Châtelet-Les Halles is the place to go for hunger pangs at any hour and on any budget. Find classic Parisian fare on the terrace at Le Père Fouettard (9 Rue Pierre Lescot, 01 42 33 74 17), a cozy and bustling bistro with friendly service, hearty fixed-price menus under €15 for lunch, and a great selection of wines by the glass for €2-4. Hang out with the chic locals at the jazzy Carpé Diem Café (21 Rue des Halles, 01 42 21 02 01), for creative French lunch and dinner specials or cocktails with live DJs on the weekends. Ignore the ubiquitous fast-food chains and grab a Nutella or ham & cheese crêpe for under €6 at the crêpe stands along Rue Saint-Denis (which are made fresh, unlike the panini sandwiches in the display cases), or for a healthy budget option try the Scandinavian eat-in or take-out deli Nils (36 rue Montorgueil), for Nordic sandwiches, salads and beer. Homesick Americans should try the Sunday brunch at Joe Allen (30 Rue Pierre Lescot, 01 42 36 70 13), a refined New York restaurant with French touches in the kitchen, while The Frog & Rosbif (116 Rue Saint Denis, 01 43 36 34 73) does a full English breakfast on Sundays with live jazz in a casual kid-friendly atmosphere.
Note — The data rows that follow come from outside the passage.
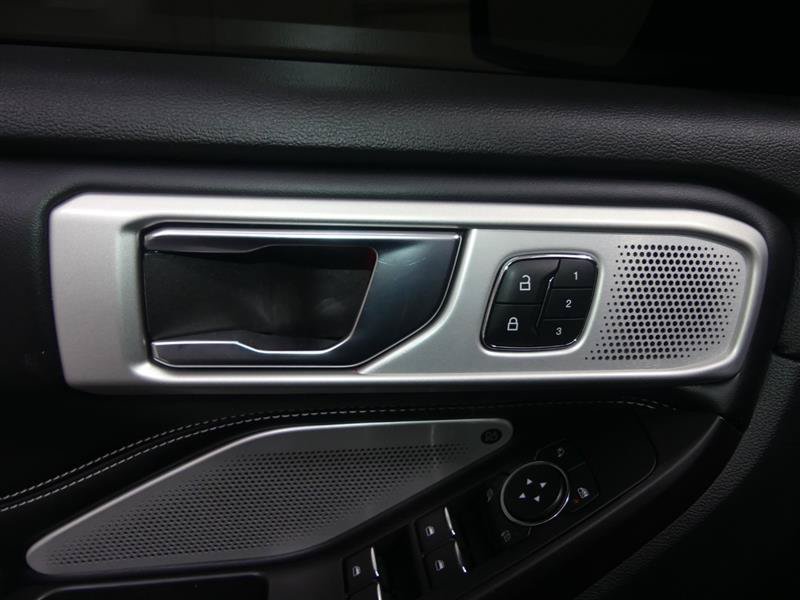 Used 2020 Ford Explorer ST w/ Premium Technology Package AWD/4WD image 20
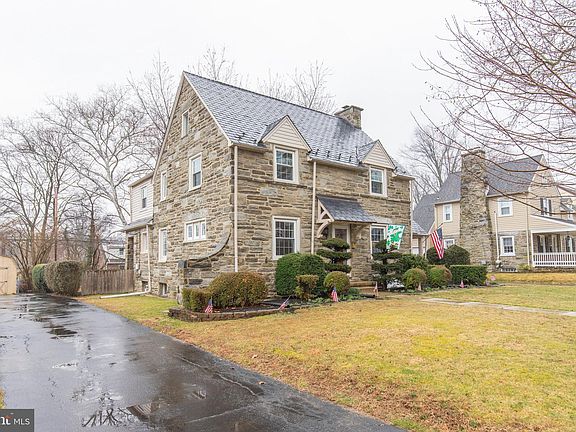 2nd image of 1025 Cornell Ave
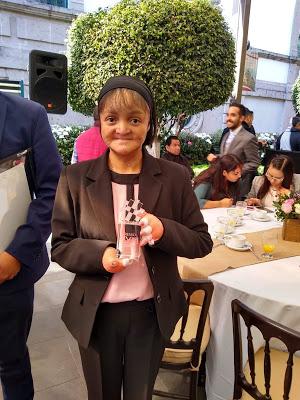 PREMIA UNIVERSIDAD DEL VALLE DE MÉXICO A SON MIS ALAS, INSTITUCIÓN QUE BENEFICIA A PERSONAS QUE PADECEN EPIDERMÓLISIS BULLOSA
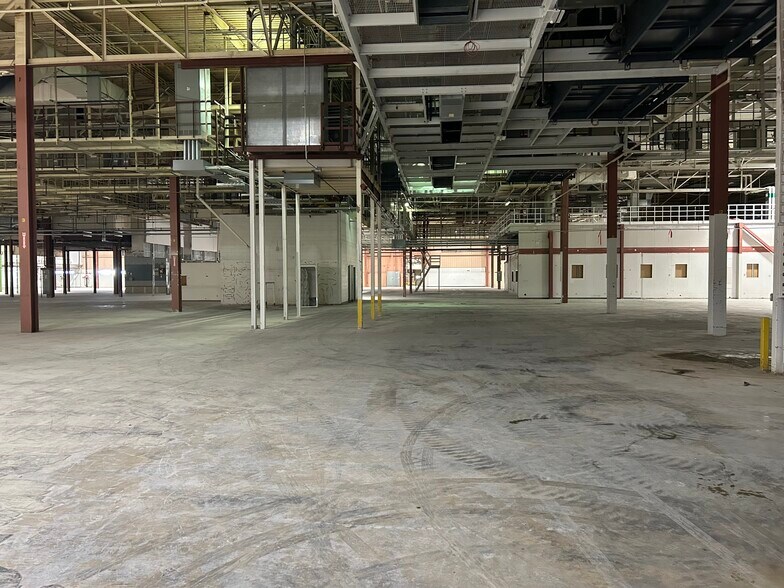 More Photos Of 10321 W Reno Ave, Oklahoma City Manufacturing For Sale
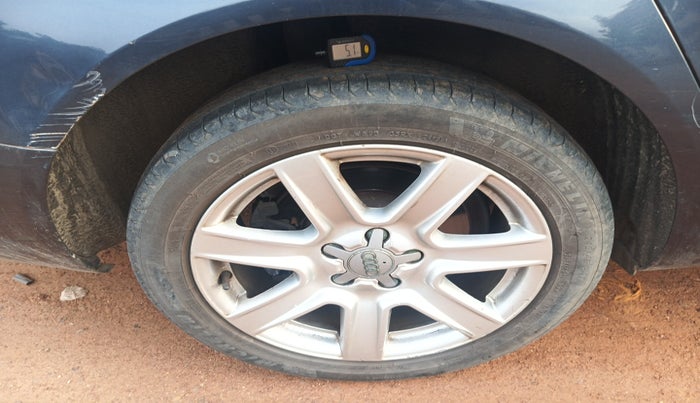 2010 Audi A6 2.7 TDI, Diesel, Automatic, 1,29,641 km, tyre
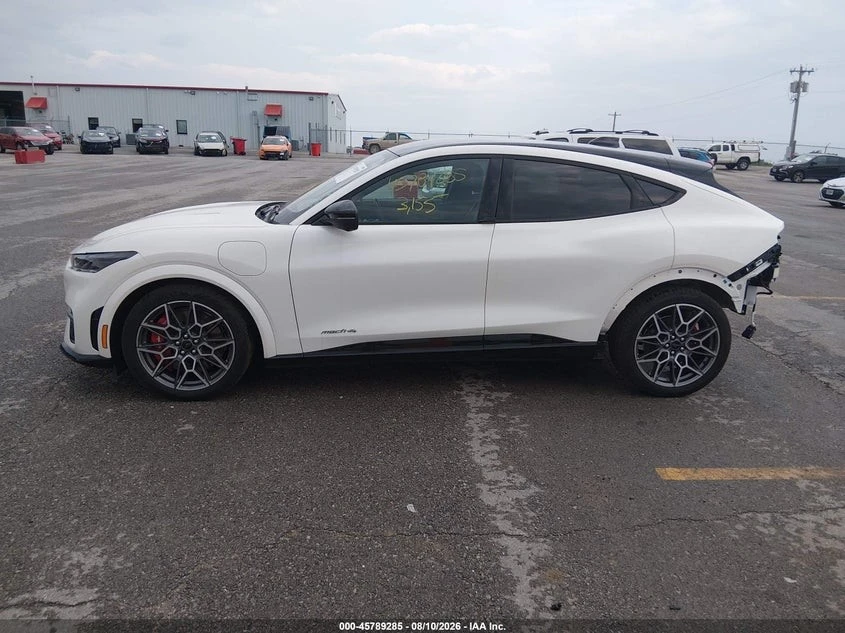 Ford Mustang Mach-E GT* AWD* КОЖА* ПОДГРЕВ* ПАНОРАМА* , снимка 13 - Автомобили и джипове - 56197516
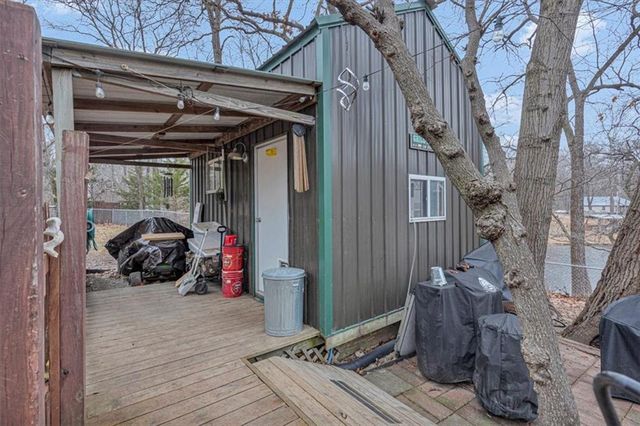 8890 SW Lake Drive, Lathrop, MO 64465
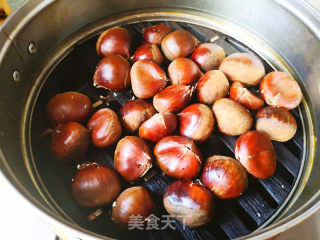 蒸板栗的做法步骤：4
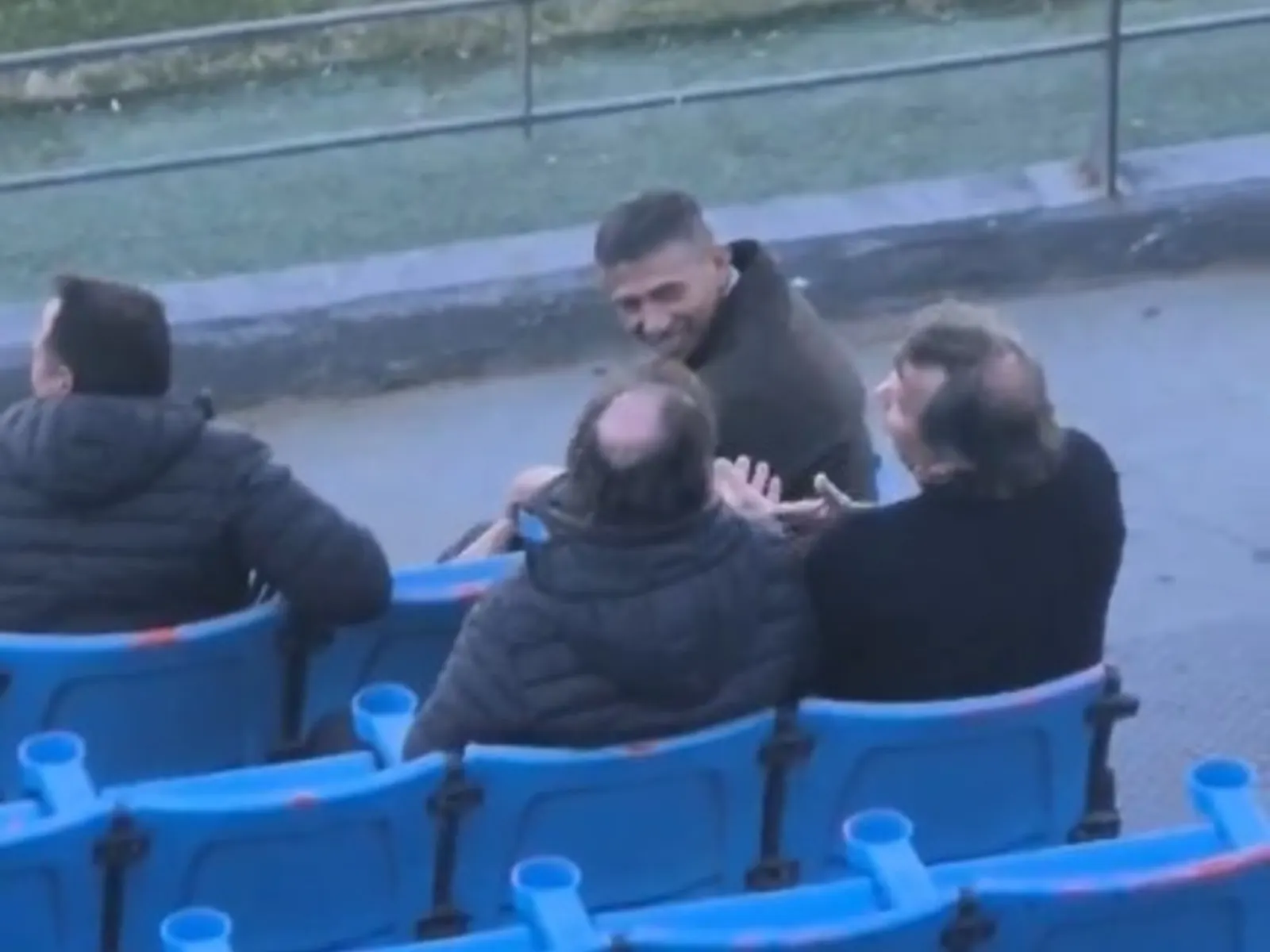 Ricardo Zielinski observando un partido de fútbol desde la tribuna.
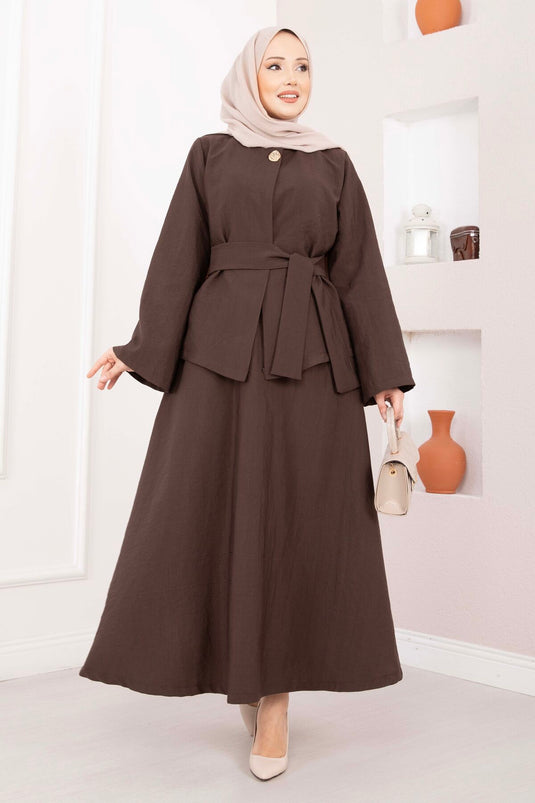 Ensemble jupe et veste asymétrique avec ceinture et boutons dorés, couleur café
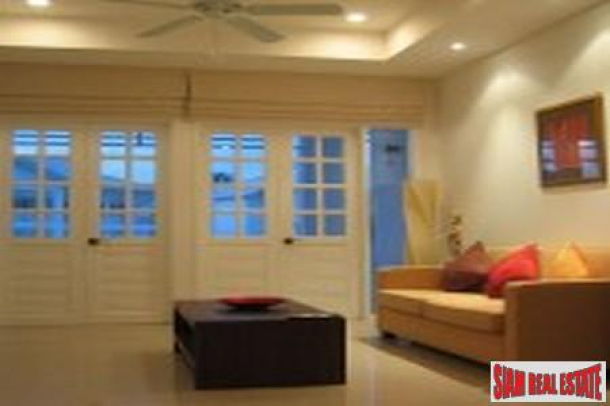 Large, Modern Four Bedroom Home in North Pattaya-11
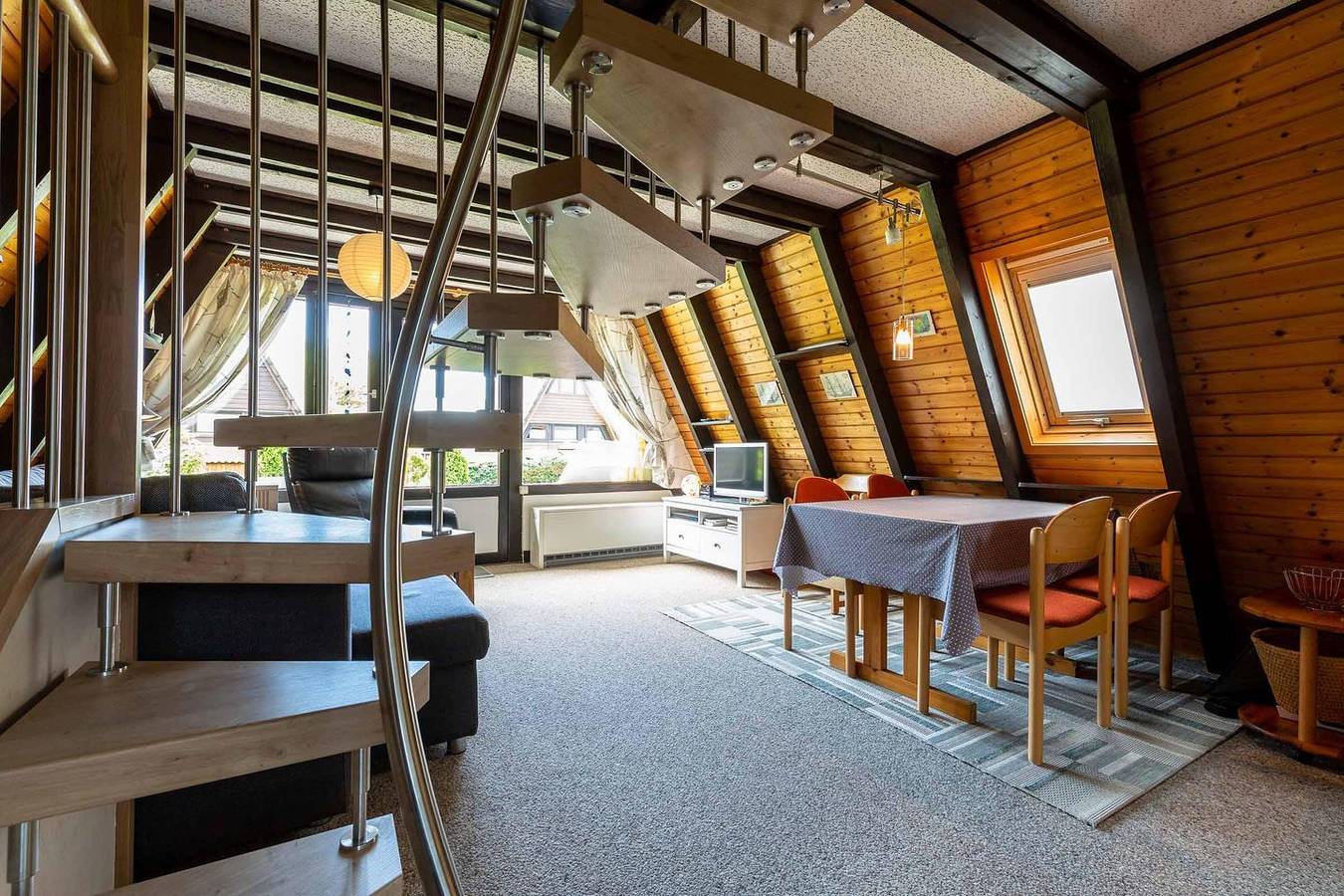 Nurdach-Haus (Typ 7) in Immenstaad am Bodensee, Region Bodensee-Oberschwaben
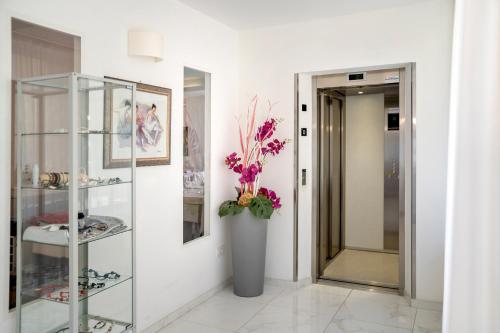 Superior Small Room with Balcony image 8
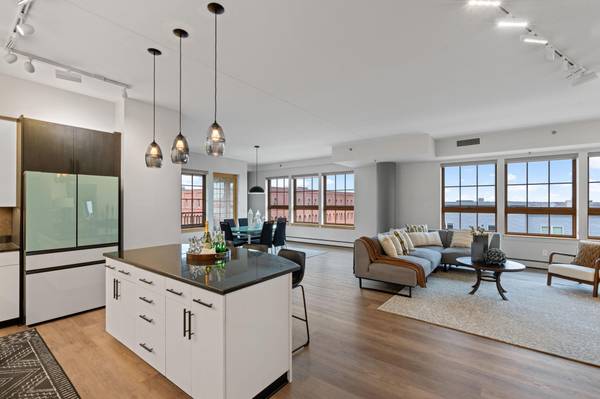 111 4th AVE N #602, Minneapolis, MN 55401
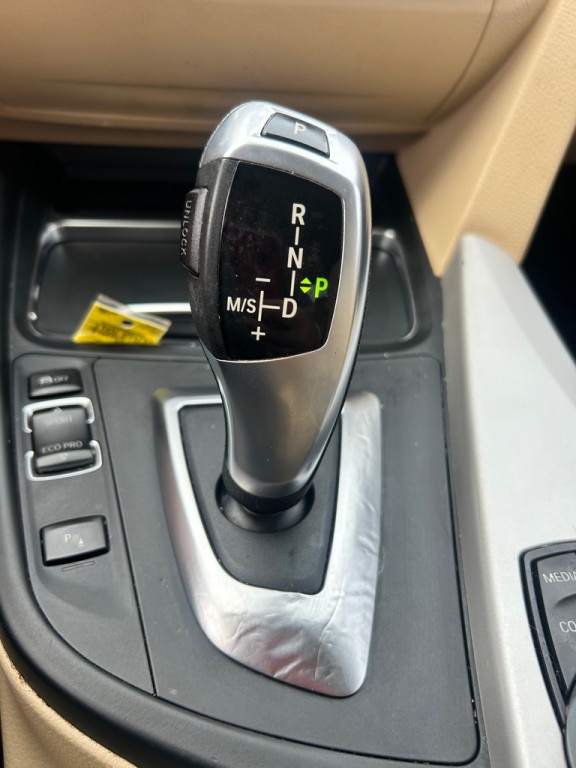 2017 BMW 3 Series Image 17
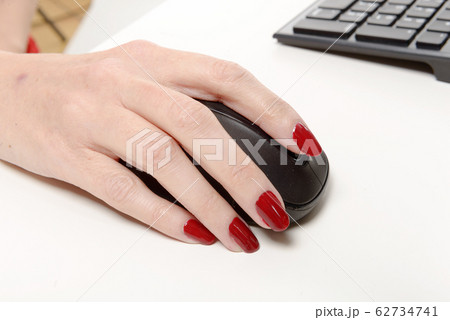 close-up of businesswoman's hand on mouse 62734741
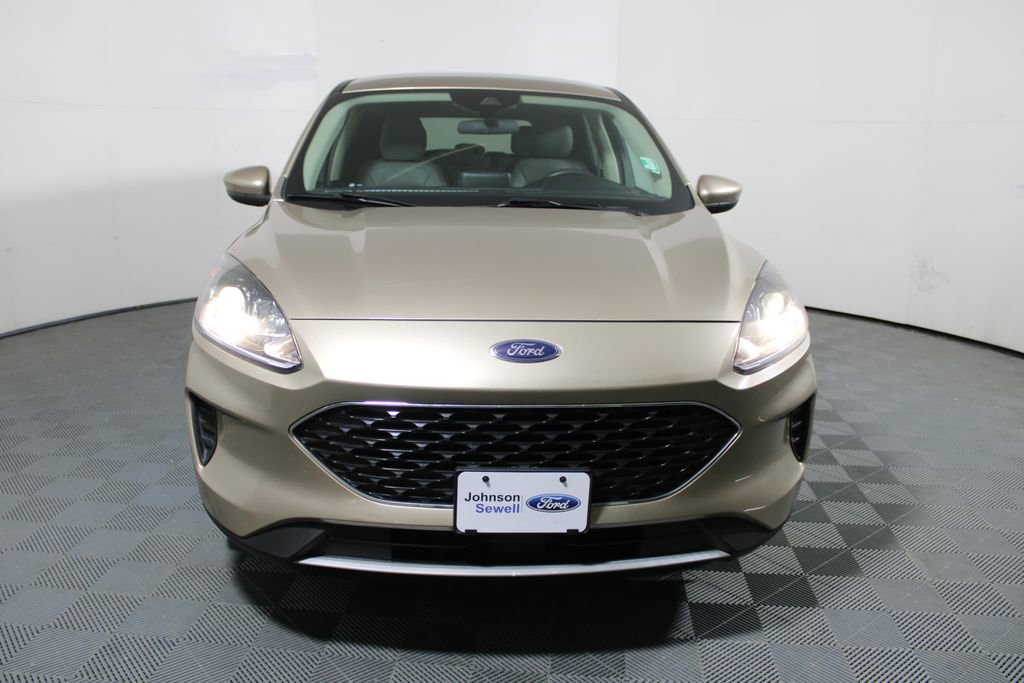 Certified 2020 Ford Escape SE image 3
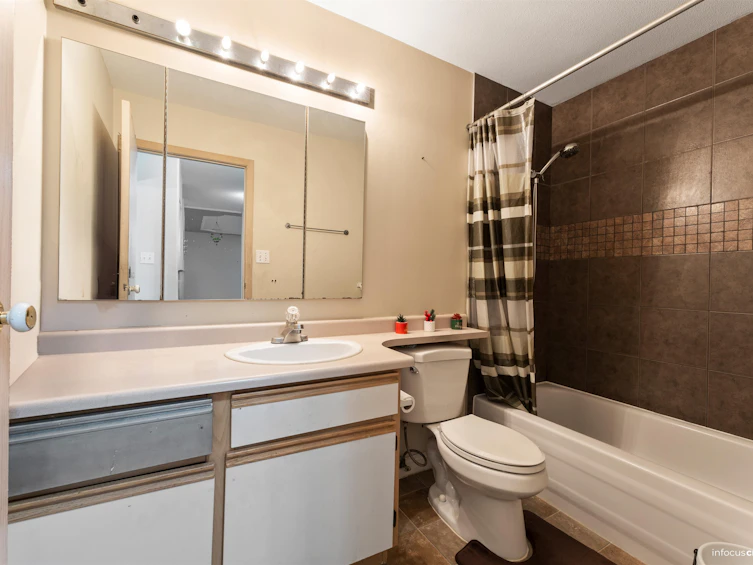 8883 157 Street, Surrey, BC, V4N 2Y8 - 28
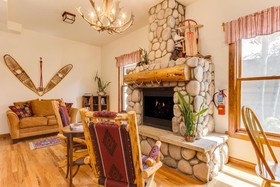 The Minturn Inn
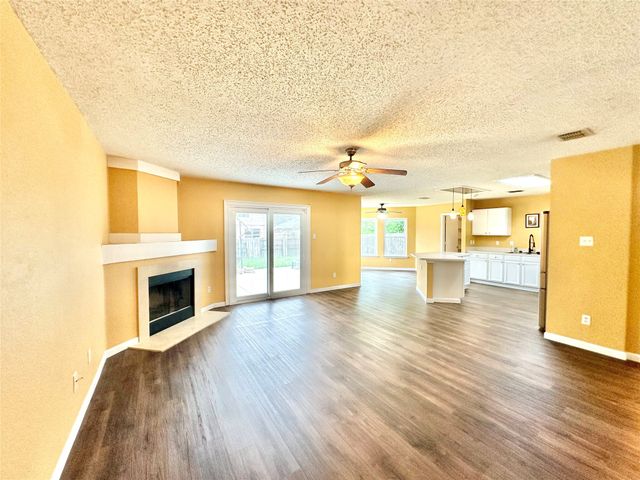 3165 Spyglass Drive, Grand Prairie, TX 75052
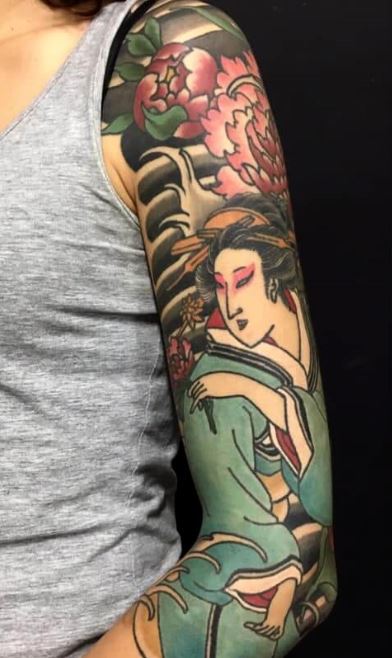Tatouage Femme Et Fleur Rouge Sur Le Bras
The Ladies of the Night and flashing-neon sex shops aren’t the only attractions in this neighborhood after dark (although there’s not much else towards Metro Réamur-Sabastopol). The Irish bars around Châtelet-Les Halles attract English-speaking expats, tourists, and the locals who’d like to meet them, including the Frog & Rosbif, the Cruiscin Lan (18 Rue des Halles), McBride’s (54 Rue St-Denis), and Quigley’s Point (5 Rue du Jour), while the Australian Café Oz (18 Rue St-Denis) has live DJs and dancing after dark. Jazz aficionados should head to Rue des Lombards for Le Baisé Sale (#58), Duc des Lombards (#42) and the Le Sunside/Sunset (#60), or try the more intimate Petit Opportun (15 Rue des Lavandières-St-Opportune). Discover Gay Paree at the Tropic Café (66 Rue des Lobards) or the more colorful Banana Café (13 Rue de la Ferronerie), both open until 5am.
This article is one of the 78 original “Secrets of Paris” articles published between September 1999 and July 2004. After disappearing into the internet graveyard for almost 15 years, I’ve republished them in autumn 2019 to celebrate the 20th anniversary of the Secrets of Paris: “1999-2019: Twenty Years of the Secrets of Paris” Broken and dead links have been updated or deactivated, but otherwise the article remains unchanged.